_Data records_
-.-.-

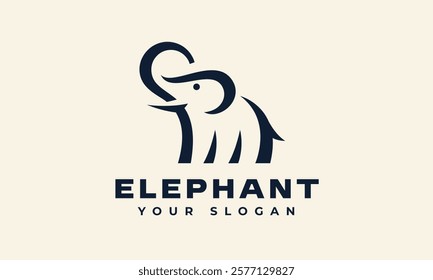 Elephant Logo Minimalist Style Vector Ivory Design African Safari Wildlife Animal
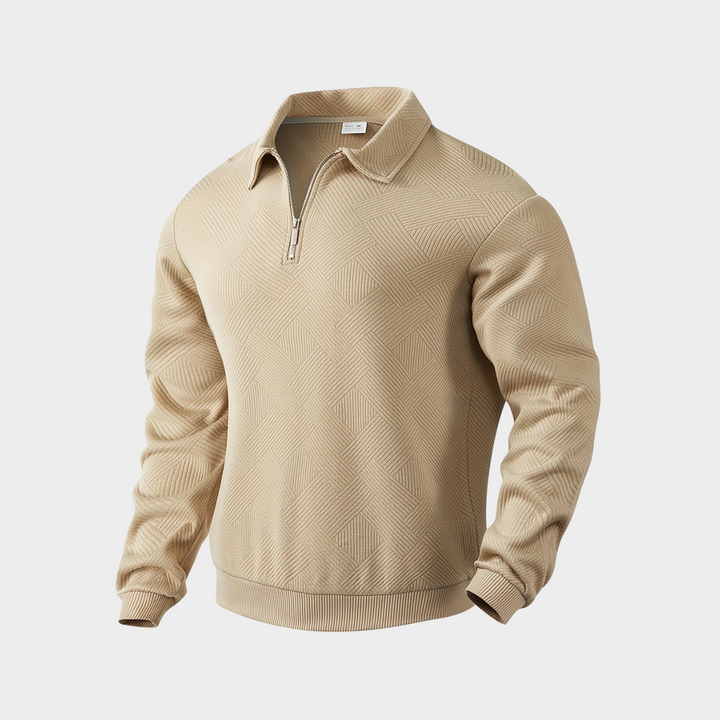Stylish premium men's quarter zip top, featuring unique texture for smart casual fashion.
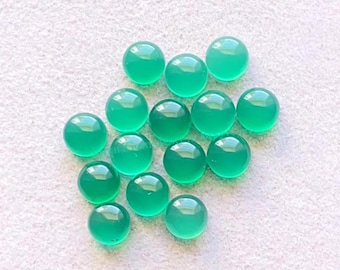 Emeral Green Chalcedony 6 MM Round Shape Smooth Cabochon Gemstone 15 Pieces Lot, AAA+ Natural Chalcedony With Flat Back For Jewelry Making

-.-.-

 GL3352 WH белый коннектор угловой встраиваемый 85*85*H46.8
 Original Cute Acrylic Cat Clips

-.-.-

Because only one stretch of the records is wanted, please output the lines from the one holding "Stylish premium men's" through the one holding "Emeral Green Chalcedony" exactly, both included, and leave every picture out.

_Task response_
Stylish premium men's quarter zip top, featuring unique texture for smart casual fashion.
 Emeral Green Chalcedony 6 MM Round Shape Smooth Cabochon Gemstone 15 Pieces Lot, AAA+ Natural Chalcedony With Flat Back For Jewelry Making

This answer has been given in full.